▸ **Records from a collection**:
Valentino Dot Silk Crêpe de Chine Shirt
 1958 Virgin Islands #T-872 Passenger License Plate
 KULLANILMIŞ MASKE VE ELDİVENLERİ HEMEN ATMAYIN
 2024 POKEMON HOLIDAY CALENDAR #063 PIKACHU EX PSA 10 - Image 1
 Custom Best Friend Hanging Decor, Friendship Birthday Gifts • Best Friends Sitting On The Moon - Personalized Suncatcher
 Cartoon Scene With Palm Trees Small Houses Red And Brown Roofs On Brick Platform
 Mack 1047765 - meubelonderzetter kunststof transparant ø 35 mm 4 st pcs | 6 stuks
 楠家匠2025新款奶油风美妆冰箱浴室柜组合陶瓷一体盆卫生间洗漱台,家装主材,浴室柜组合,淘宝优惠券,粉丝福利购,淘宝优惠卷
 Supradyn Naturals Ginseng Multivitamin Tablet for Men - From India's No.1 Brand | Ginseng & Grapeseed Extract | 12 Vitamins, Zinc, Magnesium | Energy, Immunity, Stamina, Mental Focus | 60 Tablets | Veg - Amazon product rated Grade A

▸ **Task prompt**:
Please give an exact copy of the entries above, from the line with "Mack 1047765 - meubelonderzetter" down to the line with "楠家匠2025新款奶油风美妆", inclusive, and nothing else.

▸ **Answer below**:
 Mack 1047765 - meubelonderzetter kunststof transparant ø 35 mm 4 st pcs | 6 stuks
 楠家匠2025新款奶油风美妆冰箱浴室柜组合陶瓷一体盆卫生间洗漱台,家装主材,浴室柜组合,淘宝优惠券,粉丝福利购,淘宝优惠卷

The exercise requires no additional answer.